Tunis – Nabil Zaghdoud
As Tunisia basks in the success of its own revolution that eventually spurred the Arab Spring, Tunisian media undergoes a difficult transitional period. In the former regime, the media was controlled by the government, resulting in major issues marginalised.
To reform this sector, and make it a true revolution media, new entities were promoted to reform the defected rules.
Arabstoday met with Kamal Obeidi, head of the National Media Reform Committee, to speak about the latest media reforms in Tunisia.
AT: Can the revolution be successful without establishing a free, impartial and independent media sector?
Obeidi: Revolution can only be completed with free media. Establishment of a free press requires more cooperation between journalists, because the challenges are great, especially because of the existence of former regime agents in state institutions. They hinder the process of reform so as to not lose what they obtained in the past.
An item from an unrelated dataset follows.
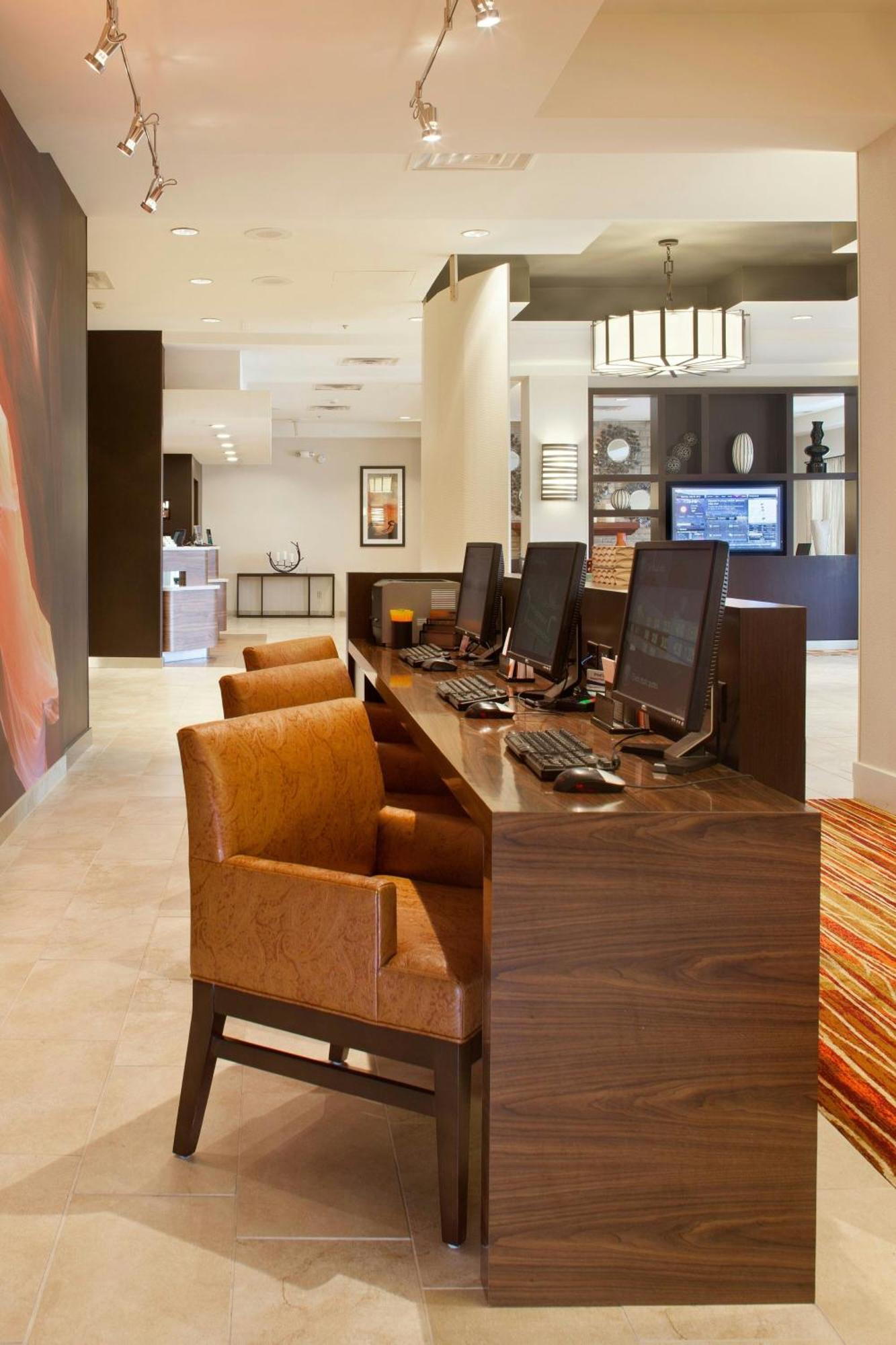 Courtyard By Marriott 4*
AT: Recent appointments in a number of media institutions have raised resentments among journalists, what is the committee viewpoint on that?
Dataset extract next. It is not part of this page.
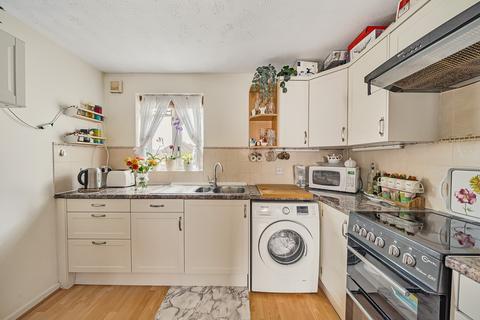 2 bedroom flat for sale, Oban Court, Pentand Avenue, Edgware, Greater London. HA8 8LB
Obeidi: We have released an official statement, to express that such decisions are the opposite of what should be happening in a democratic state. What is more surprising, is that these decisions did not stop at administrative positions, but reached editorial posts, reminiscent of the state controlled and censored media.
AT: You had two meetings with the president and the government regarding this subject- what happened?
Obeidi: They were very understanding of the importance of journalists electing their own editors. It was agreed to find effective solutions to the problems of the media sector, especially after the recent appointments. Intensive consultations shall be held between the government and press representatives, to reform Tunisian media.
AT: How do you assess the Tunisian media scene?
Obeidi: We can not deny the positive change, especially on the level of freedom of the press. Red lines that led journalists and human rights activists to prison during Ben Ali regime, have disappeared.
There is a great effort by many journalists to do their job according to professional and ethical standards, but there is a need for more training and skill-development, as a restrained media cannot be totally liberated in a few months.
AT: To what extent has the media answered the anticipation of the public?
Obeidi: Our road is not paved with roses, but it is full of thorns and obstacles that must be removed. Reform requires new legislation, since most public and private institutions were used for furthering agendas by the former regime.
AT: The National Media Reform Committee has provided several proposals to the new government to reform media. Could you tell us some of these proposals?
Obeidi: We can not issue a recommendation only a few months after initiating the committee work. That's why we are meeting with Tunisian and international media experts to write our final report.
AT: To what extent does your task of reform seem difficult?
Obeidi: This is part of the recommendations to be ready in a few weeks which will shed light on the status of the sector. There are also new laws of freedom of press, publishing audio and televised media that is yet to be issued.
AT: What are the committee's demands?
Obeidi: We are asking for rapid issuance of laws that shall protect the press. The committee is liberal, and keen to ensure the independence of media institutions and reduce the interference of the executive power in media work.